Exercise description -> In the material below, find the line containing "Fraternidade Toca de Assis Sorocaba mapa" and the line containing "Anime Blue Lock". Output those two lines and all lines between them exactly, without pictures.

Records for processing ->
====

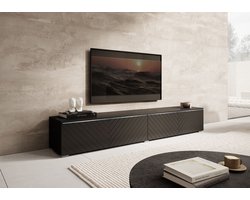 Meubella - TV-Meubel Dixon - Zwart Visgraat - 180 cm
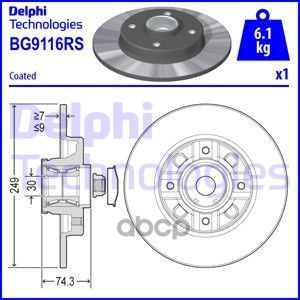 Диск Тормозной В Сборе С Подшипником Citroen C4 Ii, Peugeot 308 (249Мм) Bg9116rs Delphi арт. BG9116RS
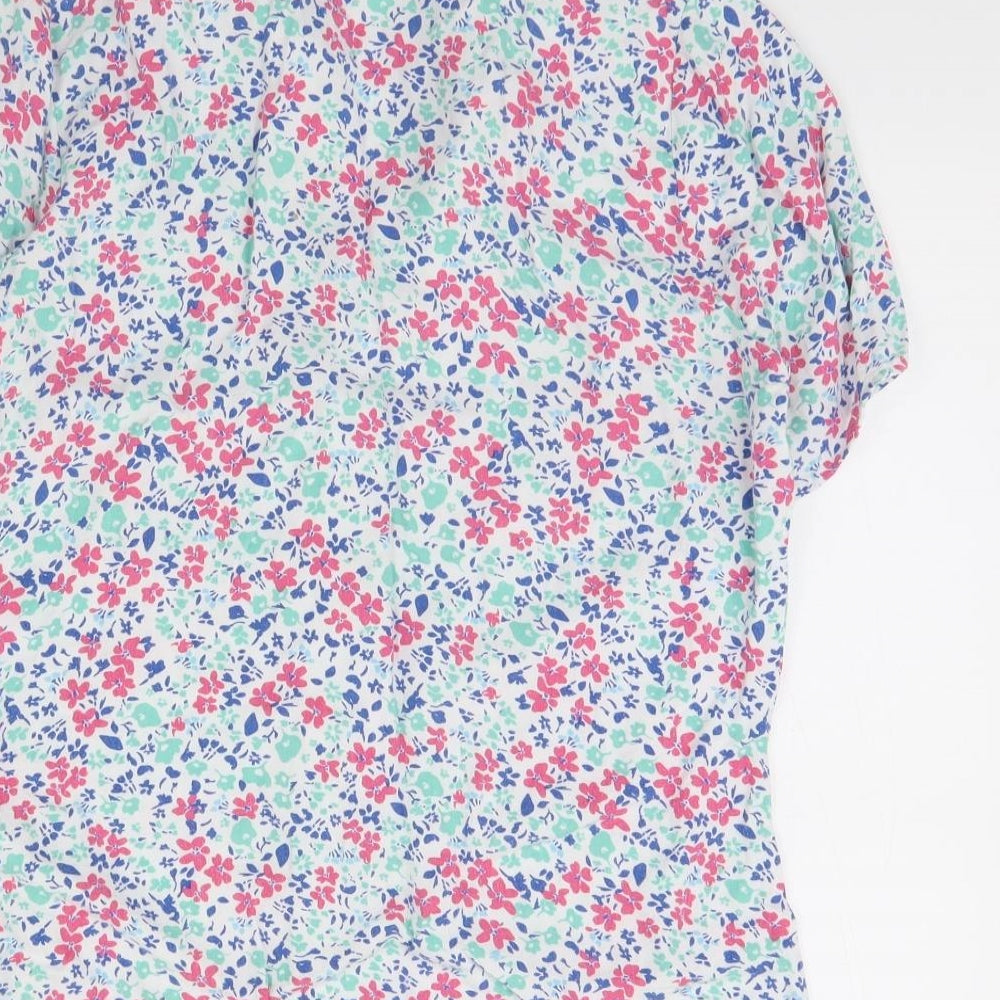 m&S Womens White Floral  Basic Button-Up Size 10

====

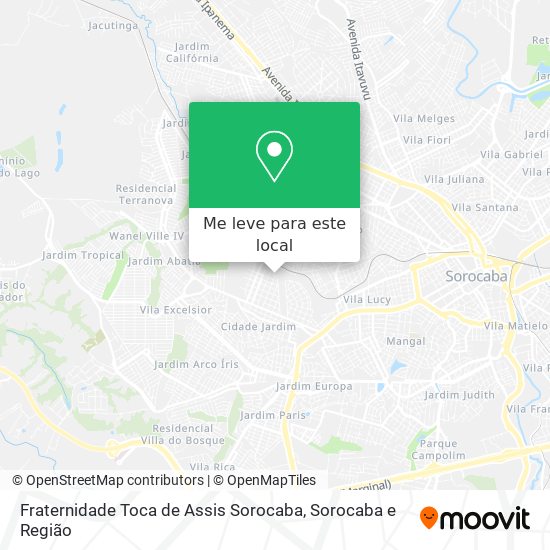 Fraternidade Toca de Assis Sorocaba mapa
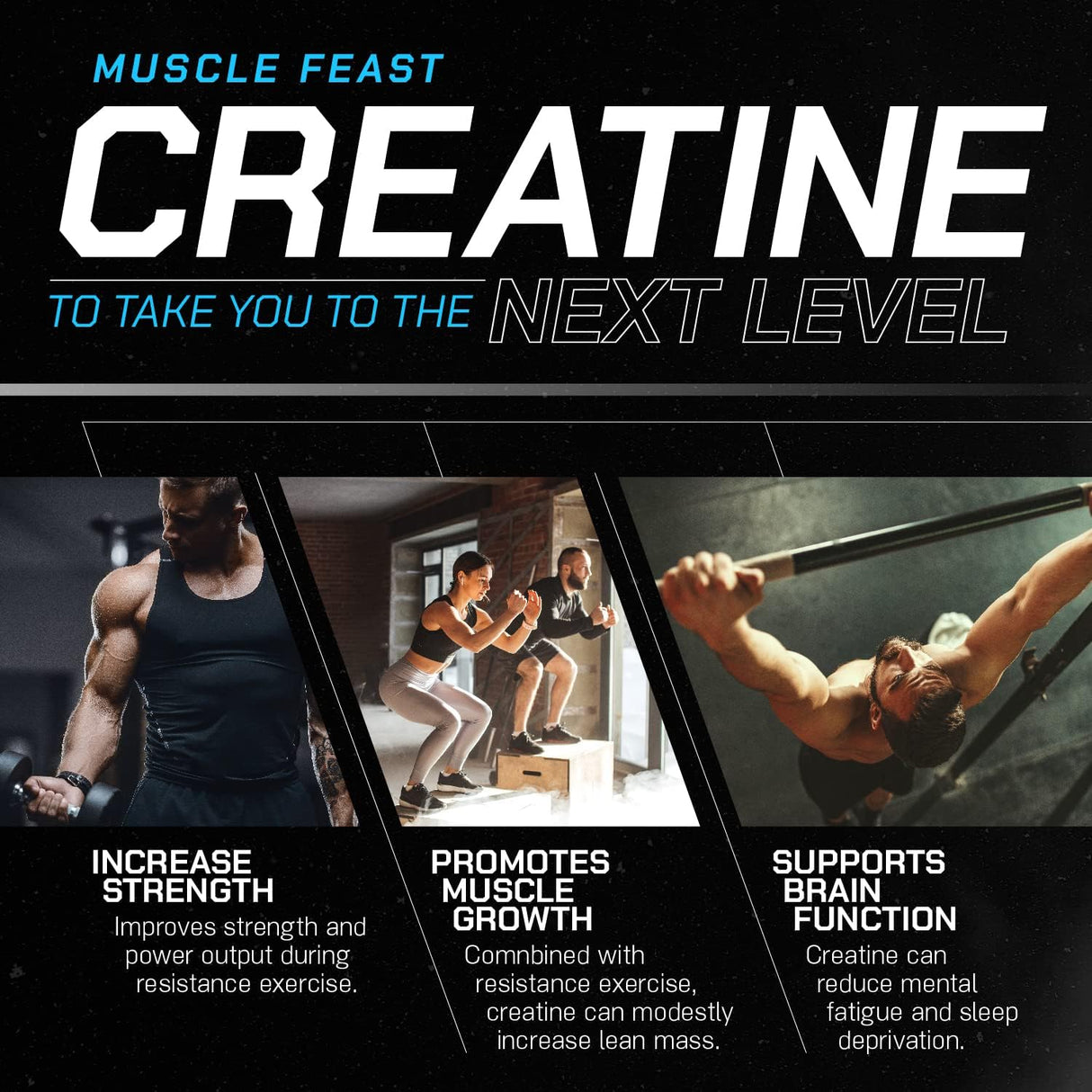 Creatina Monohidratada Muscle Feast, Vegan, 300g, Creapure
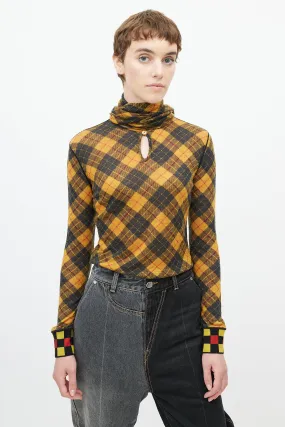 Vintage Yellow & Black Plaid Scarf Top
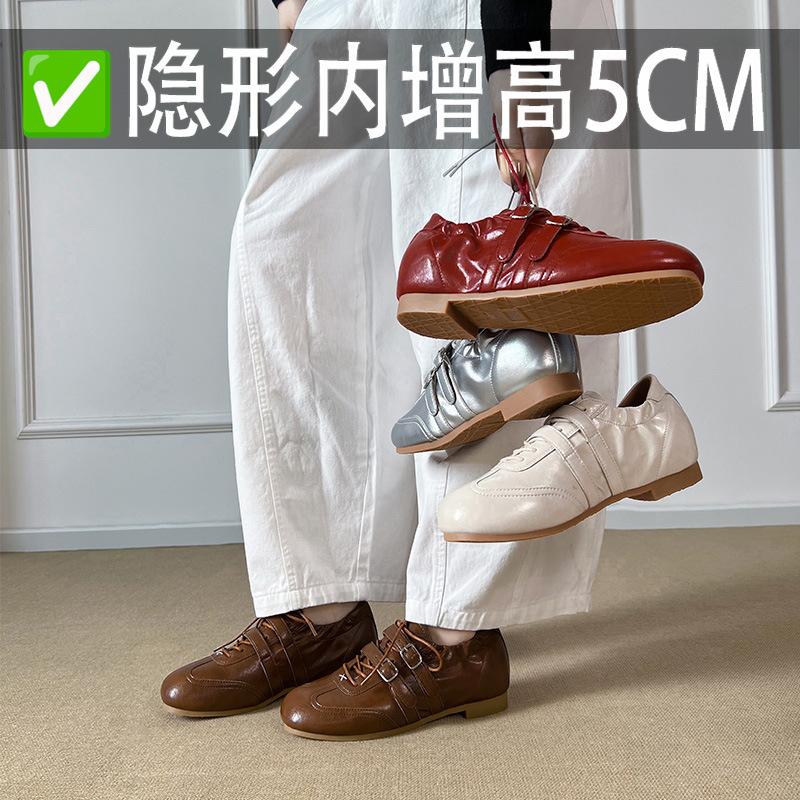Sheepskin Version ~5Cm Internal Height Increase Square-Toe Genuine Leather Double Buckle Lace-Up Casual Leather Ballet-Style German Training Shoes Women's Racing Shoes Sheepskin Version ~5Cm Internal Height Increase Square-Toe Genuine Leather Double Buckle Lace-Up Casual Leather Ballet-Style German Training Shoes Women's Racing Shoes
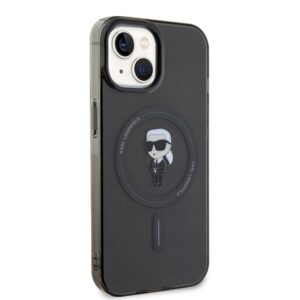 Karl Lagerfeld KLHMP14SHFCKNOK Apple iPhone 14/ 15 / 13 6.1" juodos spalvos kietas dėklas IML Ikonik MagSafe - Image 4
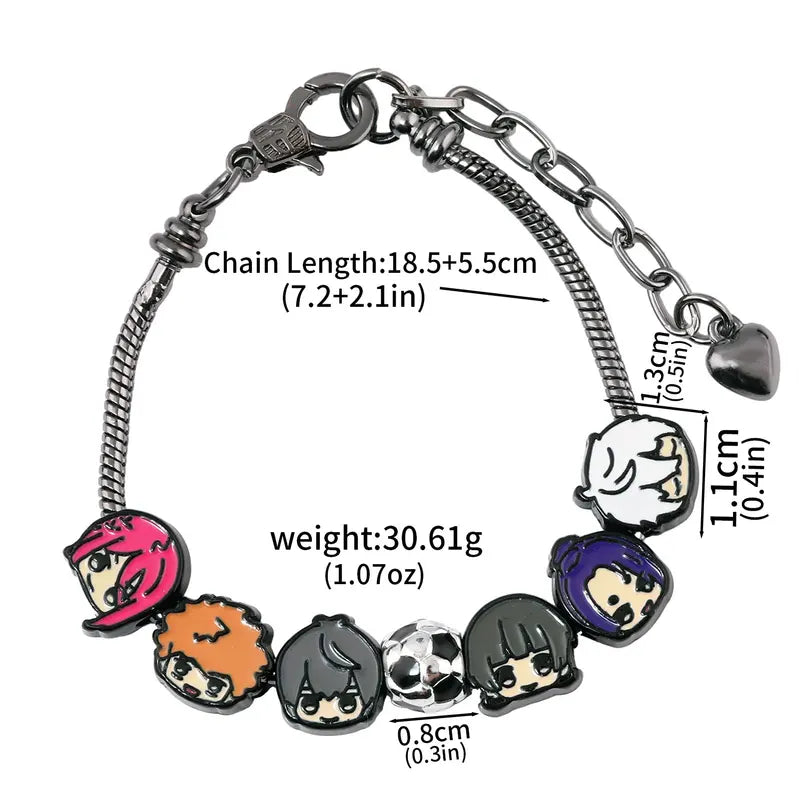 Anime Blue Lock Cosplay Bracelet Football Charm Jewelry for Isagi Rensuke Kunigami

====

Answer to the exercise ->
 Fraternidade Toca de Assis Sorocaba mapa
 Creatina Monohidratada Muscle Feast, Vegan, 300g, Creapure
 Vintage Yellow & Black Plaid Scarf Top
Sheepskin Version ~5Cm Internal Height Increase Square-Toe Genuine Leather Double Buckle Lace-Up Casual Leather Ballet-Style German Training Shoes Women's Racing Shoes Sheepskin Version ~5Cm Internal Height Increase Square-Toe Genuine Leather Double Buckle Lace-Up Casual Leather Ballet-Style German Training Shoes Women's Racing Shoes
 Karl Lagerfeld KLHMP14SHFCKNOK Apple iPhone 14/ 15 / 13 6.1" juodos spalvos kietas dėklas IML Ikonik MagSafe - Image 4
 Anime Blue Lock Cosplay Bracelet Football Charm Jewelry for Isagi Rensuke Kunigami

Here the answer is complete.